A collection of typical questions and problems that occur during digitsation projects including possible answers.

Navigation

Scanning and photographing

Do: scan the color chart on each page as well

Ideally, each scan should include a color chart. This does not usually pose a problem for subsequent processing or when displaying the image as it can be detected and hidden through automated cropping.

Incidentally, color charts don’t last forever and should occasionally be replaced.

Do: think twice before deciding to use a scanning robot for your digitization project.

A scanning robot may not be the right choice for some types of source material. Tasks such as preparing the books, loading and unloading, and making fine adjustments for individual book formats can be relatively time-consuming depending on the model. Furthermore, not all books are equally suitable for scanning by a book robot. Experience has shown that current scanning robots are not yet reliable or autonomous enough to be able to operate entirely without supervision. The time required by a human supervisor to monitor the work of the robot and to load the device and make fine adjustments for each book can be as much as for manual scanning.

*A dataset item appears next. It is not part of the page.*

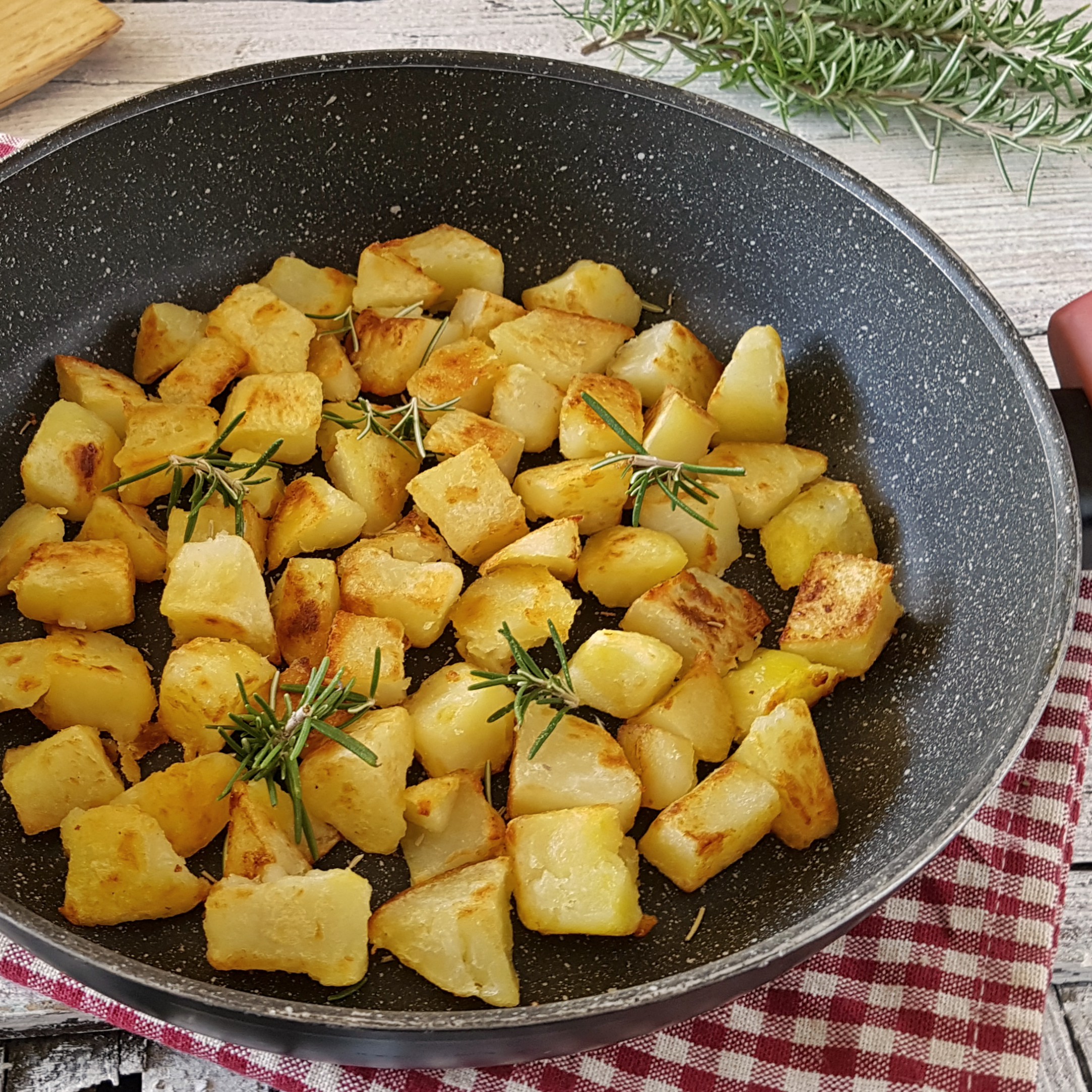 patate croccanti in padella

Do: validate your images automatically, ideally straight after scanning

Wherever technically possible, image files should be validated automatically as soon as they have been scanned, i.e. before performing any further tasks in the workflow. The free software JHove has proven effective for common methods of validation (e.g. of TIF files). It can be run automatically from a command line instruction and can return a machine-readable validation result in the form of an XML file. It may also be worth validating file names at an early stage in the workflow. Software tools like ‘regular expressions’ can force project staff to comply with established naming schemes. They can also ensure that numerical sequences in file names are unbroken or that the file name includes relevant metadata.

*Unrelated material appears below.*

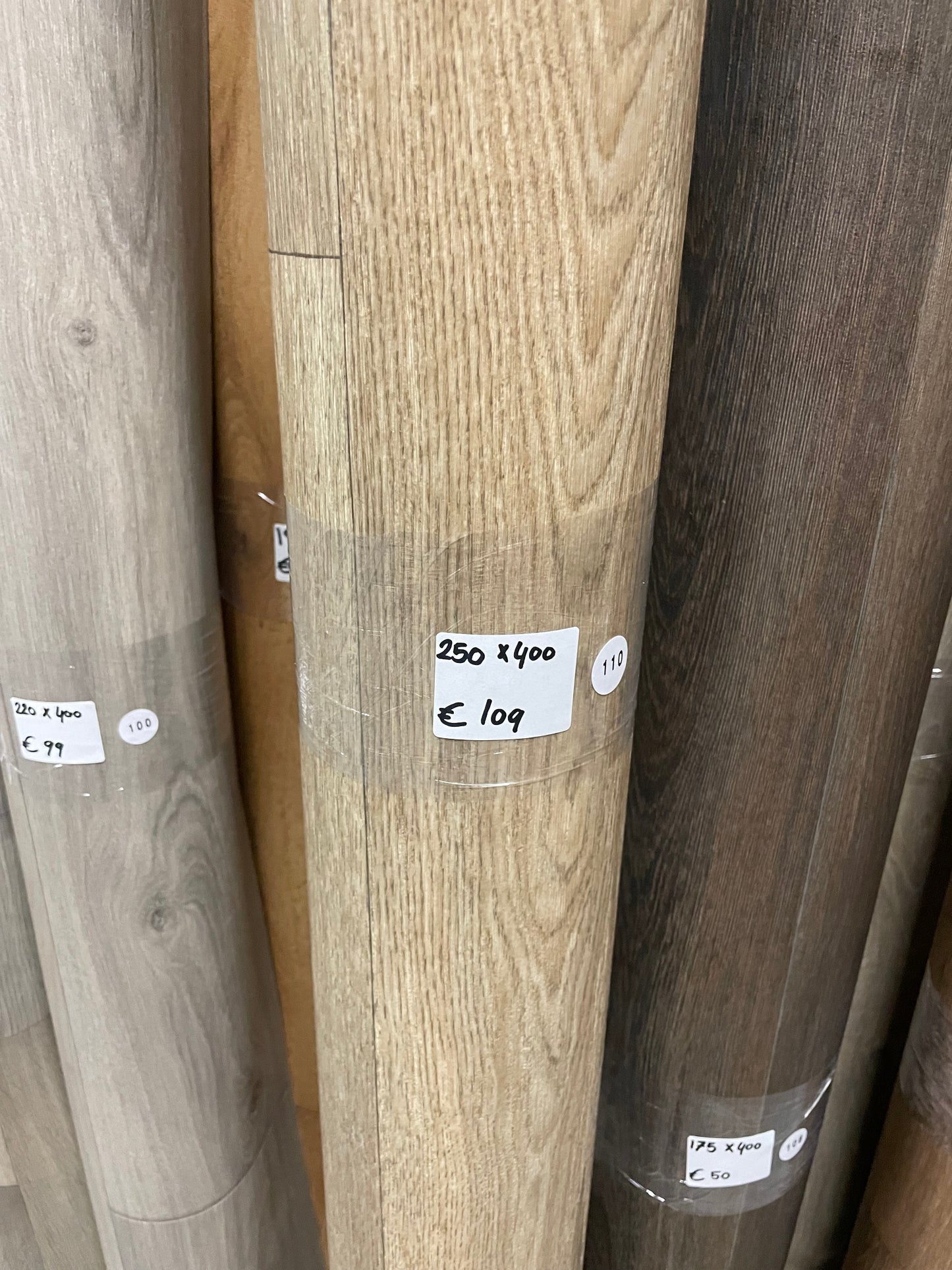 Eiken Vinyl Restpartij |
2,50x4,00mtr - Vinylrestpartij.nl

Don’t: allow the scanning software to perform automatic cropping

The option to let your scanning software crop images automatically may sound attractive as a way of reducing your workload, but the potential benefits and disadvantages should be carefully weighed up for each project. If the images are cropped too heavily, the project may not be able – at some point in the future – to generate more information from them than was anticipated at the time of scanning. For this reason, especially in the case of valuable materials that should ideally not be exposed to multiple scanning, it is important to ensure that the master image is produced with a generous all-round margin. The scanning program should never be instructed to automatically perform ‘heavy cropping’ of master images. Instead, an automated cropping step can be incorporated into the remaining workflow using a derivative image and selected parameters. This step can be performed as many times as required without changing the master image.

Don’t: allow uneven lighting conditions in the scanning room to spoil your images

The brightness of the images produced by most scanners and cameras will vary depending on the ambient lighting conditions (summer/winter and morning/afternoon). Although they have their own integrated lighting systems, they are nevertheless influenced by other light sources in the room due to the way they are designed. Ideally, this should be thoroughly checked at least once for each device. Even hardware that is advertised as operating independently of ambient light can deliver surprising results under close examination of two photographs taken under different lighting conditions. All images of the same object should be taken under constant lighting conditions.